Romance novels are her guilty pleasure; if her brother knew of the stack she has hidden under her bed he'd probably throw a fit. And burn her treasures. (Some of these novels make her blush like mad because the hero and heroine of her novels do more than just holding hands and she really -- but which girl her age doesn't wonder what it's like?)
These novels make her wonder about a lot of things but mostly, they make her wonder about love and what it feels like. Because is it really always this sudden, overwhelming thing or is that just overdoing it for the sake of the audience? She doesn't know - she is a teen and she accepts the fact that never having been in love before (at least not that she knows off; there's only ever been this pleasantly strange fluttery feeling that used to make her so happy and insecure when Zuko was there, but he's her best friend and that can't have been love right because love starts only once your 16) and thus can't really say what it feels like. So she asks the people near her, with the exception of Sokka, for obvious reasons.
She asks Toph and Aang but they're both younger than her and Aang gets all tongue-tied. Toph just rolls her eyes, but nevertheless she tries to help Katara find the answer to her question.
"Love is this feeling that makes you stupidly do everything for someone else even if it hurts," she says. It sounds rather sullen but it's no answer to Katara's question.
Azula, Haru, Suki and Gran-Gran can't give her sufficient answers, either and that although Gran-Gran is the wisest woman in the whole wide world.
In the end, she asks Reverent Pakku.
"Reverent Pakku, what is love?" she inquires politely after having walked all the way to the church on her own.
"Love?" the reverent asks and scratches his chin thoughtfully. The little girl (not so little at age 14) nods her head solemnly. "Why do you want to know?"
"Because... because I don't know what it feels like and everyone says something different but I want to know what it is so I'll know it when I turn 16 and it finally happens," she says hurriedly. Pakku gives her a puzzled look.
"Why 16?"
"Because Sokka said that you have to be 16 years old to fall in love, 21 to date, 30 to kiss and 112 to get married," she replies honestly.
Pakku laughs gently and tousles her hair.
"Love knows no age; love is everywhere, Katara. It's between you and your Gran-Gran, between you and Sokka and between you and God," he explains. Katara frowns a little.

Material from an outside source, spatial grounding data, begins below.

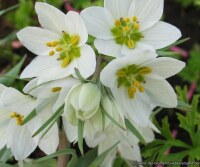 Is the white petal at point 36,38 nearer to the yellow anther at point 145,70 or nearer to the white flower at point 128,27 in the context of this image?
the white flower at point 128,27

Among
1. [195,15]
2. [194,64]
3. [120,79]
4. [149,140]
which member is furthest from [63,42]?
[195,15]

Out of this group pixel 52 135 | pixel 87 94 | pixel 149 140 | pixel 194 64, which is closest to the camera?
pixel 87 94

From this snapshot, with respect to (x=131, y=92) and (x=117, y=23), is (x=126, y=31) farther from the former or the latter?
(x=131, y=92)

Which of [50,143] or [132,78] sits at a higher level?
[132,78]

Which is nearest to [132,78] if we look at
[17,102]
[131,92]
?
[131,92]

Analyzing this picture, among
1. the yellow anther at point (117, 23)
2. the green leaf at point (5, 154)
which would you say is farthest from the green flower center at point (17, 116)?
the yellow anther at point (117, 23)

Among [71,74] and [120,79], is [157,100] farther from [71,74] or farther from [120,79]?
[71,74]

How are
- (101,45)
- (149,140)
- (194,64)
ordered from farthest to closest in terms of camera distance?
(194,64), (149,140), (101,45) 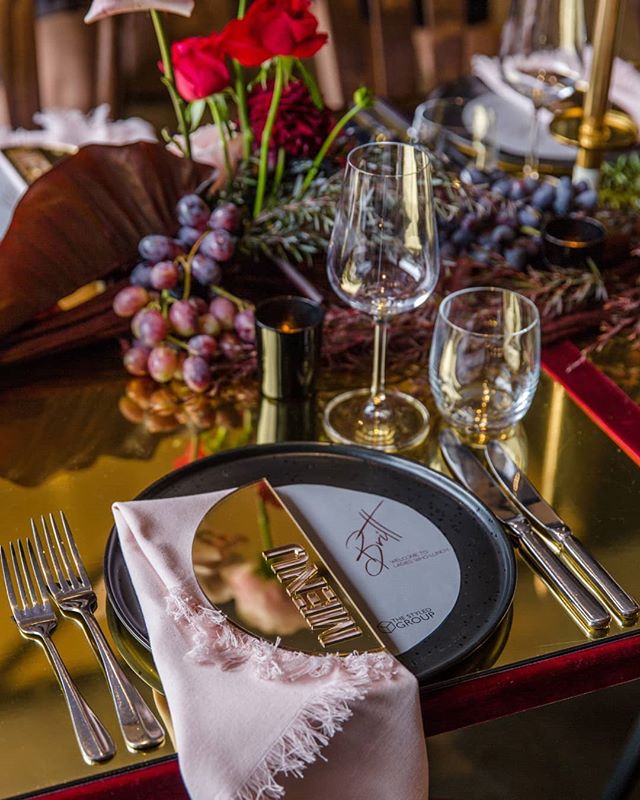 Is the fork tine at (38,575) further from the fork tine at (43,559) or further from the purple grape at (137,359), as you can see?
the purple grape at (137,359)

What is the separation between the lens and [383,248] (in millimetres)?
866

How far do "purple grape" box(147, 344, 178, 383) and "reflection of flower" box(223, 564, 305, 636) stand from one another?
33cm

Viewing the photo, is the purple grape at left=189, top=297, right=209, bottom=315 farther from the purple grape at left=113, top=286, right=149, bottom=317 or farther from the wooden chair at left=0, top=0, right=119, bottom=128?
the wooden chair at left=0, top=0, right=119, bottom=128

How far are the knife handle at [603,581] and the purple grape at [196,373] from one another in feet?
1.25

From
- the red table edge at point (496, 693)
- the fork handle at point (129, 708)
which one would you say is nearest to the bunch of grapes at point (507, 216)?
the red table edge at point (496, 693)

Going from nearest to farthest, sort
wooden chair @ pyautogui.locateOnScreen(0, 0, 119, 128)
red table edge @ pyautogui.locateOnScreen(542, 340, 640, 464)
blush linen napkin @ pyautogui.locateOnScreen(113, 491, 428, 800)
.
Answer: blush linen napkin @ pyautogui.locateOnScreen(113, 491, 428, 800) → red table edge @ pyautogui.locateOnScreen(542, 340, 640, 464) → wooden chair @ pyautogui.locateOnScreen(0, 0, 119, 128)

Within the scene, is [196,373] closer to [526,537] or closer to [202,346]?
[202,346]

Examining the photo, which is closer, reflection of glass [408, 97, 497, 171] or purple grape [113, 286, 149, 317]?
purple grape [113, 286, 149, 317]

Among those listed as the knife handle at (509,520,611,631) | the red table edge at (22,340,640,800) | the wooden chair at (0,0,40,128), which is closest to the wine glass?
the knife handle at (509,520,611,631)

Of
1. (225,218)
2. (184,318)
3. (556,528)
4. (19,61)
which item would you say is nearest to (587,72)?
(225,218)

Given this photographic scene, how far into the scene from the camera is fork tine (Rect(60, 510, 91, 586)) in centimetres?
75

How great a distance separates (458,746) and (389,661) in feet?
2.55

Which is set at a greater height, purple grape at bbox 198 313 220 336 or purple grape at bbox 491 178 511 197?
purple grape at bbox 491 178 511 197
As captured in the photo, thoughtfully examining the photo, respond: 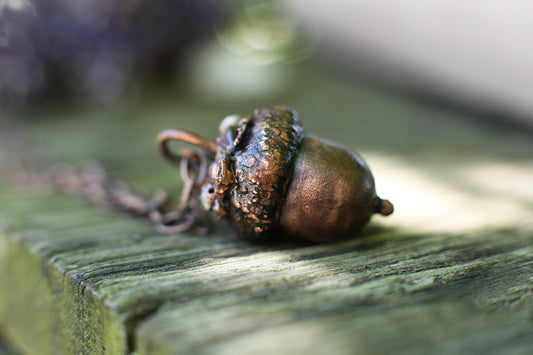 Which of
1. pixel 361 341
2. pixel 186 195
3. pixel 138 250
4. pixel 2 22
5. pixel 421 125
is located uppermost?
pixel 2 22

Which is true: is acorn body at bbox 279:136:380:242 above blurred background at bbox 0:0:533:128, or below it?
below

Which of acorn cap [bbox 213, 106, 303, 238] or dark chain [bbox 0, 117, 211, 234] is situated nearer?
acorn cap [bbox 213, 106, 303, 238]

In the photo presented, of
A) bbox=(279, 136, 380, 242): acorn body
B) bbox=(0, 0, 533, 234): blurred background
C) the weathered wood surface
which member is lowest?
the weathered wood surface

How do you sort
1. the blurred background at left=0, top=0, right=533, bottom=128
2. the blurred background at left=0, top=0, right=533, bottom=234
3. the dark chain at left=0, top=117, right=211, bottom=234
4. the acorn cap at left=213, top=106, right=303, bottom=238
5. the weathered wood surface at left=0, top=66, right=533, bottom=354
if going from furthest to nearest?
the blurred background at left=0, top=0, right=533, bottom=128 < the blurred background at left=0, top=0, right=533, bottom=234 < the dark chain at left=0, top=117, right=211, bottom=234 < the acorn cap at left=213, top=106, right=303, bottom=238 < the weathered wood surface at left=0, top=66, right=533, bottom=354

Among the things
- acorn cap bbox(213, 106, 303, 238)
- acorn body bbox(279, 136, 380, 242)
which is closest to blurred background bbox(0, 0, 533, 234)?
acorn body bbox(279, 136, 380, 242)

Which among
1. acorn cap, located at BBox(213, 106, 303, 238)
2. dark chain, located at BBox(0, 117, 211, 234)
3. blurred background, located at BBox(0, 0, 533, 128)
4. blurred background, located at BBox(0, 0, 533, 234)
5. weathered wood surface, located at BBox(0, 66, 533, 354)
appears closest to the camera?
weathered wood surface, located at BBox(0, 66, 533, 354)

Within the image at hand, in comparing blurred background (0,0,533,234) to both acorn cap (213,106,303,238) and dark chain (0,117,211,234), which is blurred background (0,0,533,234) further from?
acorn cap (213,106,303,238)

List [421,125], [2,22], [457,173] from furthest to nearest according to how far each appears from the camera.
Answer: [421,125] < [2,22] < [457,173]

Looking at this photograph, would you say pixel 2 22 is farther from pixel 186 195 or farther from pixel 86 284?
pixel 86 284

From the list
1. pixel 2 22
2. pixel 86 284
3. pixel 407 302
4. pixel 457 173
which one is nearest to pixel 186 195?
pixel 86 284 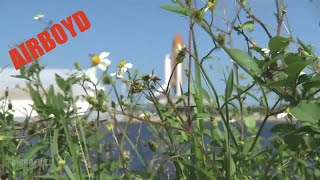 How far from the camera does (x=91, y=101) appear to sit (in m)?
0.97

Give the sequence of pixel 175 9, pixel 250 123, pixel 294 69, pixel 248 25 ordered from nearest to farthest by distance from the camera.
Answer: pixel 294 69 < pixel 175 9 < pixel 248 25 < pixel 250 123

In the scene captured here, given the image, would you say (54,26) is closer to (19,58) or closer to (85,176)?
(19,58)

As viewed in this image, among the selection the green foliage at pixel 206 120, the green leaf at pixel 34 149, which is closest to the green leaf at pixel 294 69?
the green foliage at pixel 206 120

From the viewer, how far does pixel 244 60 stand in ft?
2.75

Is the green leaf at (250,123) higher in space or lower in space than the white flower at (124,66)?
lower

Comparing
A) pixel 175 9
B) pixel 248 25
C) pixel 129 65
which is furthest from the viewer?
pixel 129 65

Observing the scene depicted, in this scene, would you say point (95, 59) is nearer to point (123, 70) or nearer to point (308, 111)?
point (123, 70)

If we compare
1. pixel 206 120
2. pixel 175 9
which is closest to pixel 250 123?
pixel 206 120

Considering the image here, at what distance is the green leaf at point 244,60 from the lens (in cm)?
83

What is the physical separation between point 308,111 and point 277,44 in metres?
0.11

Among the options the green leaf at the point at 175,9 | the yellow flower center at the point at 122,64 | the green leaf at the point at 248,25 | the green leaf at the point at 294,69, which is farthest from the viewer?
the yellow flower center at the point at 122,64

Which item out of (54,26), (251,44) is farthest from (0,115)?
(251,44)

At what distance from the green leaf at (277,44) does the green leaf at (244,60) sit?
3 centimetres

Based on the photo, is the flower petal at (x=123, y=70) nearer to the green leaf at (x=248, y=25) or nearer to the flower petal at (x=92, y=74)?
the flower petal at (x=92, y=74) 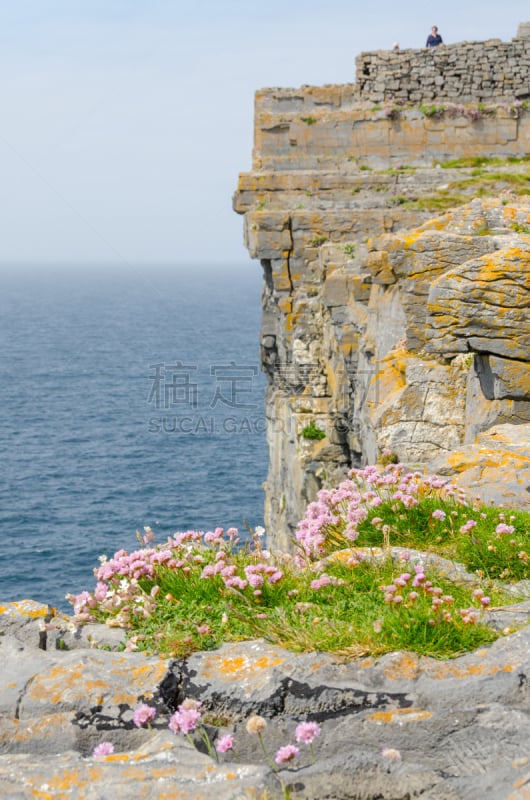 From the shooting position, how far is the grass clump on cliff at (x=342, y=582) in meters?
6.02

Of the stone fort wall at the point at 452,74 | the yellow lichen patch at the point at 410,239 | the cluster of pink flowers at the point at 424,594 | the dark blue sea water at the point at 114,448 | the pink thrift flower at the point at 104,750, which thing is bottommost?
the dark blue sea water at the point at 114,448

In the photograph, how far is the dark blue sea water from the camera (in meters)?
41.3

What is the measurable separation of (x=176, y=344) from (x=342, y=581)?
107691mm

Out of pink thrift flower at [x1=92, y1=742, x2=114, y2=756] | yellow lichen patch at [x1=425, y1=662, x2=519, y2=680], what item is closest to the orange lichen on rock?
yellow lichen patch at [x1=425, y1=662, x2=519, y2=680]

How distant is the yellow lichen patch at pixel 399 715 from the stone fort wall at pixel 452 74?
24.6m

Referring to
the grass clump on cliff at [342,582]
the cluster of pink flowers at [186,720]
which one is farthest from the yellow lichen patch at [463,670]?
the cluster of pink flowers at [186,720]

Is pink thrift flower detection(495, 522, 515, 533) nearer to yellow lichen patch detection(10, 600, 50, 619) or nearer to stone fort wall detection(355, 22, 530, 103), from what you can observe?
yellow lichen patch detection(10, 600, 50, 619)

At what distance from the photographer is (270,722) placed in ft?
17.9

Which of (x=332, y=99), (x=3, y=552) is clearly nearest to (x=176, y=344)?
(x=3, y=552)

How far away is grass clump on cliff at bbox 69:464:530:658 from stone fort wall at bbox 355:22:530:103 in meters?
21.3

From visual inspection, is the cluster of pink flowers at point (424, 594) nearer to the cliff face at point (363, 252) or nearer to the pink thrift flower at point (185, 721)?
the pink thrift flower at point (185, 721)

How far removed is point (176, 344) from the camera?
114 meters

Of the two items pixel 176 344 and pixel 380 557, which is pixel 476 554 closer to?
pixel 380 557

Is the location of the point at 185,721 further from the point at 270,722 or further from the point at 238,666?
the point at 238,666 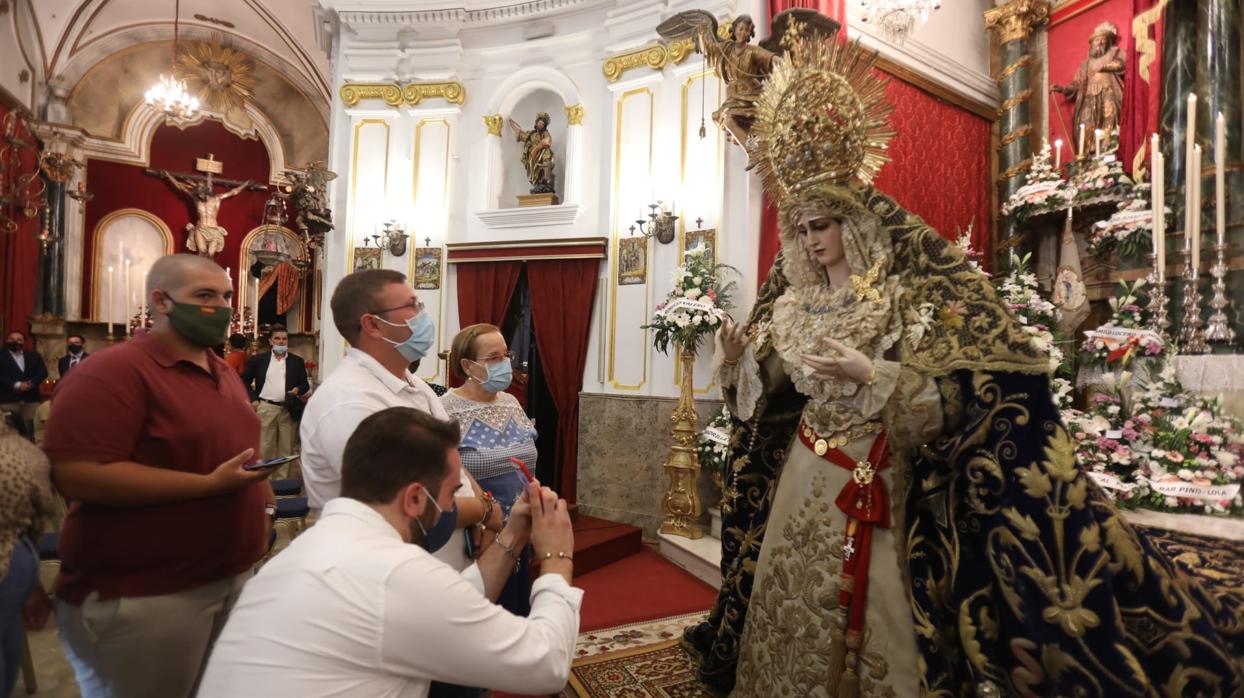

"No one can explain love," he continues. "It's different for everyone and words are not enough to describe it. Love is too big, too wonderful and too divine."
"Even the love between a man and a woman," she asks because she's 14 after all and knows all about the flowers and the bees.
"Not even, Katara. Especially," he replies. "You'll know love when it's there. Trust me."
A few years later, when she's obtained the right to date Jet (by threatening Sokka with revealing the existance of a certain photo) she kisses her boyfriend and feels a flutter of excitement. He makes her heart beat faster, brings her blood to boil and causes all sorts of delicious sensations cursing though her veins.
But she's still not certain whether it's love, whether it's the real thing. Not even sleeping with him can disperse her doubts although in all those romance novels, that is usually the point where she is head over heels in love with him.
But when Zuko kisses her just to emphasize a point, that's when she feels it and she knows its for real and that she can't marry Jet, just like Zuko said because this is too beautiful and too powerful to resist.